Eine Analyse von Jasper Steinlein, ARD-aktuell

Ein enthemmter Mob, bewaffnet und mit rechtsextremen Symbolen orniert, bricht ins Parlament ein, in dem gerade Abgeordnete den künftigen Präsidenten Joe Biden für sein Amt legitimieren - Szenen aus dem Kapitol in der US-Hauptstadt Washington, die zeigen, wie tief die Demokratie in Amerika in die Krise gesunken ist.

"Das Schlimmste ist, dass es Donald Trump gelungen ist, zumindest bei einer bestimmten Gruppe der Bevölkerung das Vertrauen in den demokratischen Prozess elementar zu erschüttern, geradezu zu vernichten", resümiert die Historikerin Britta Waldschmidt-Nelson, Professorin für Geschichte des europäisch-transatlantischen Kulturraums an der Universität Augsburg. "Wenn man sich überlegt, dass die US-amerikanische Republik ja eigentlich die erste der Welt war, in der es seit mehr als 200 Jahren eine Tradition des friedlichen Machtwechsels gab. Und das hat er jetzt zunichte gemacht."
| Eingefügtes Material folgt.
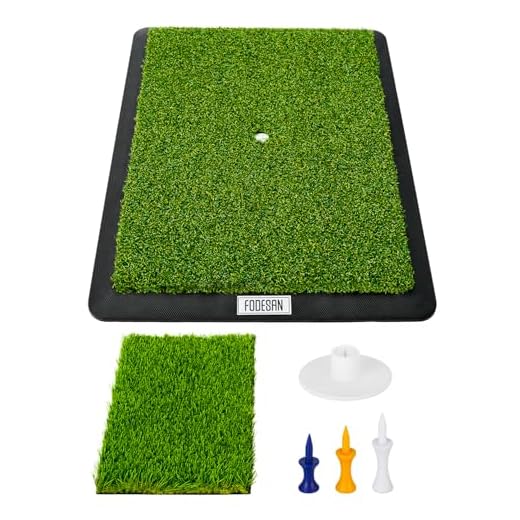 Golf Swing Trainer Mat for Practice & Training – Replaceable Turf Mat – Non-Slip Rubber Base for Indoor & Outdoor Use – Includes Tees – Golf Gift for Beginners & Pros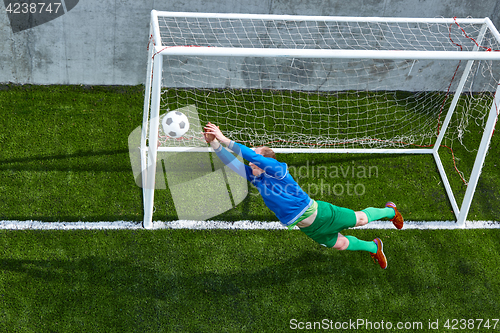 Image of Soccer football goalkeeper making diving save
Trump-Anhänger im Büro von Nancy Pelosi

Trump-Anhänger stöbern im Büro von Nancy Pelosi.

Seit seiner ersten Präsidentschaftskandidatur konnte Trump eine breite Unterstützerschar hinter sich versammeln, indem er sich gezielt auch für radikale Gruppen anschlussfähig machte: Neben den Abstiegs- und Verlassensängsten konservativer Arbeiter bediente er etwa den Endzeitglauben evangelikaler Christen, den Wunsch der "white supremacists" nach einer rassistischen Gesellschaftsordnung, die Ängste Ultrakonservativer vor einem nationalen und internationalen Stärkeverlust der USA, den unerschütterlichen Glauben der sogenannten "Alt Right"-Milizen an Polizei, Militär und das Recht auf Bewaffnung.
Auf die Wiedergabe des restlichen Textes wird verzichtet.